Take nothing but the lines from the one with "Garagistic Carbon Fiber" through the one with "AMAZING SPIDER-MAN #500" in the entries below, both ends kept, and return them exactly with pictures left out.
Top of Extracted information
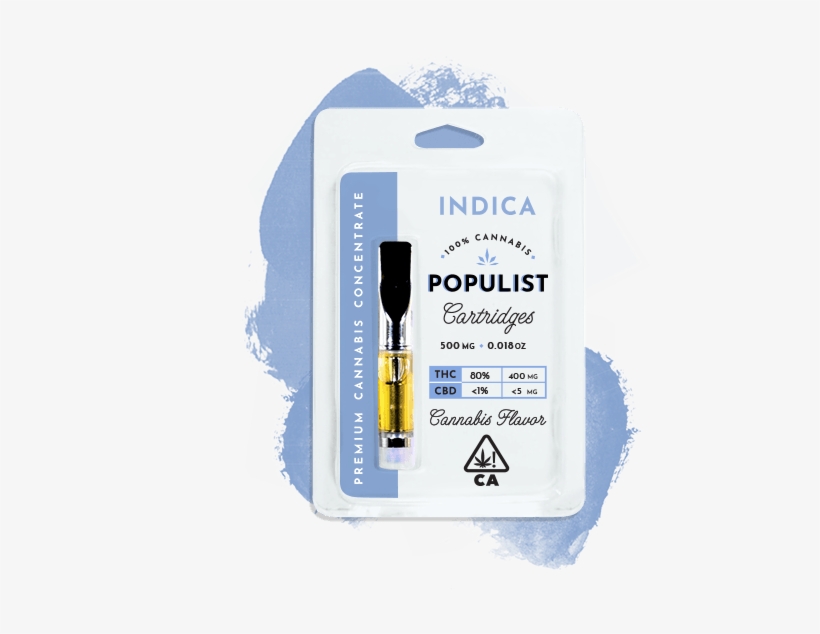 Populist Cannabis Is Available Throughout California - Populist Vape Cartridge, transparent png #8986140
Bottom of Extracted information
Top of Extracted information
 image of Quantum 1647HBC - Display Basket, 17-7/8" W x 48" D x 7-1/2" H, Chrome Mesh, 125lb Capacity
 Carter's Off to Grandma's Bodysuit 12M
Bottom of Extracted information
Top of Extracted information
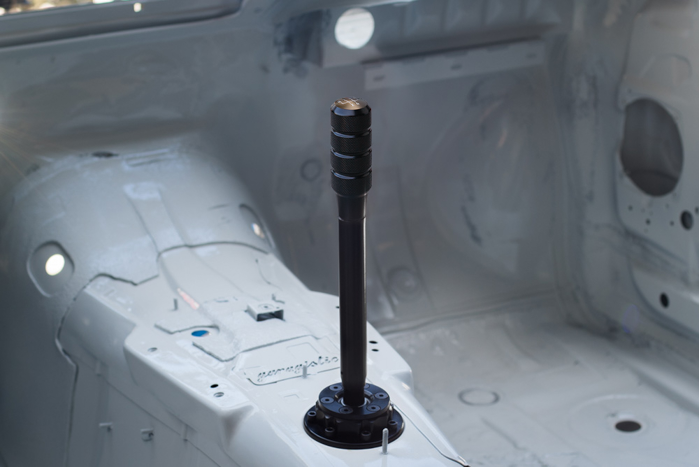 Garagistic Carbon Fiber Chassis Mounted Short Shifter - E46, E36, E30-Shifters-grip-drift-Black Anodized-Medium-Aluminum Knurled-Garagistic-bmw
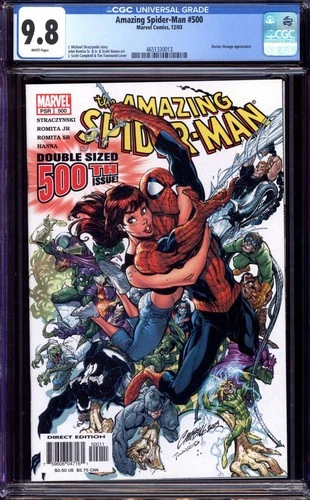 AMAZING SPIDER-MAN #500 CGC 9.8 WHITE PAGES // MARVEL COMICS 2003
Bottom of Extracted information
### Task result
 Garagistic Carbon Fiber Chassis Mounted Short Shifter - E46, E36, E30-Shifters-grip-drift-Black Anodized-Medium-Aluminum Knurled-Garagistic-bmw
 AMAZING SPIDER-MAN #500 CGC 9.8 WHITE PAGES // MARVEL COMICS 2003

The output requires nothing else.